- _REQUIREMENT_: Begin with the line that holds "Lots Of Natural". Output it and all remaining lines of the material, verbatim, ending with the last.

----------------

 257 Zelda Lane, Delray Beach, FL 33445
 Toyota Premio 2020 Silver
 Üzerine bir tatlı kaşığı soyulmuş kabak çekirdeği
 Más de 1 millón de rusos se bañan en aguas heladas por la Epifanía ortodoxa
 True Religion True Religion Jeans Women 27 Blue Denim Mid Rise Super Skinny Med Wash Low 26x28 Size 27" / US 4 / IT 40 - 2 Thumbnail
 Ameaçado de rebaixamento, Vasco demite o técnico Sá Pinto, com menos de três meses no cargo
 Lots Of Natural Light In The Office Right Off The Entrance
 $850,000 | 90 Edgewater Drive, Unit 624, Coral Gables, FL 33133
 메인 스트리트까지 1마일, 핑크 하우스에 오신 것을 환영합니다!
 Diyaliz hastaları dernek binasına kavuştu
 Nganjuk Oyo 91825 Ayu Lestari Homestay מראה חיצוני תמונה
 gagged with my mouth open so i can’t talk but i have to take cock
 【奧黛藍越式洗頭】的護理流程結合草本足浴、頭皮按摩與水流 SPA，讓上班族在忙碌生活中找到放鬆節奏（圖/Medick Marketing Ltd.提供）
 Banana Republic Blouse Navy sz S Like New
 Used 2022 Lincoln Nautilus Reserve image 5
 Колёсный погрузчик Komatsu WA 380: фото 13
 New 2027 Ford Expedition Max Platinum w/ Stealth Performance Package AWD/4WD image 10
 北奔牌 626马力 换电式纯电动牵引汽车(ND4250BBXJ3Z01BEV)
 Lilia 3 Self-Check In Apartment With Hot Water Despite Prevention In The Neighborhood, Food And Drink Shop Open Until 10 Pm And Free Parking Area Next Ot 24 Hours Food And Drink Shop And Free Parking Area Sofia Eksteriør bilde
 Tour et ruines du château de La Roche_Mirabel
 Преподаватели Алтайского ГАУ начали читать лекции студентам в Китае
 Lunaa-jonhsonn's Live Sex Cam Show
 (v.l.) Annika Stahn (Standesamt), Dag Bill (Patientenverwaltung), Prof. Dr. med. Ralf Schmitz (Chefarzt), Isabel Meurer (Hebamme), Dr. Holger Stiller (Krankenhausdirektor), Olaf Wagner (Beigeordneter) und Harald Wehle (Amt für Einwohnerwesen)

----------------

- _EXERCISE OUTPUT_:
 Lots Of Natural Light In The Office Right Off The Entrance
 $850,000 | 90 Edgewater Drive, Unit 624, Coral Gables, FL 33133
 메인 스트리트까지 1마일, 핑크 하우스에 오신 것을 환영합니다!
 Diyaliz hastaları dernek binasına kavuştu
 Nganjuk Oyo 91825 Ayu Lestari Homestay מראה חיצוני תמונה
 gagged with my mouth open so i can’t talk but i have to take cock
 【奧黛藍越式洗頭】的護理流程結合草本足浴、頭皮按摩與水流 SPA，讓上班族在忙碌生活中找到放鬆節奏（圖/Medick Marketing Ltd.提供）
 Banana Republic Blouse Navy sz S Like New
 Used 2022 Lincoln Nautilus Reserve image 5
 Колёсный погрузчик Komatsu WA 380: фото 13
 New 2027 Ford Expedition Max Platinum w/ Stealth Performance Package AWD/4WD image 10
 北奔牌 626马力 换电式纯电动牵引汽车(ND4250BBXJ3Z01BEV)
 Lilia 3 Self-Check In Apartment With Hot Water Despite Prevention In The Neighborhood, Food And Drink Shop Open Until 10 Pm And Free Parking Area Next Ot 24 Hours Food And Drink Shop And Free Parking Area Sofia Eksteriør bilde
 Tour et ruines du château de La Roche_Mirabel
 Преподаватели Алтайского ГАУ начали читать лекции студентам в Китае
 Lunaa-jonhsonn's Live Sex Cam Show
 (v.l.) Annika Stahn (Standesamt), Dag Bill (Patientenverwaltung), Prof. Dr. med. Ralf Schmitz (Chefarzt), Isabel Meurer (Hebamme), Dr. Holger Stiller (Krankenhausdirektor), Olaf Wagner (Beigeordneter) und Harald Wehle (Amt für Einwohnerwesen)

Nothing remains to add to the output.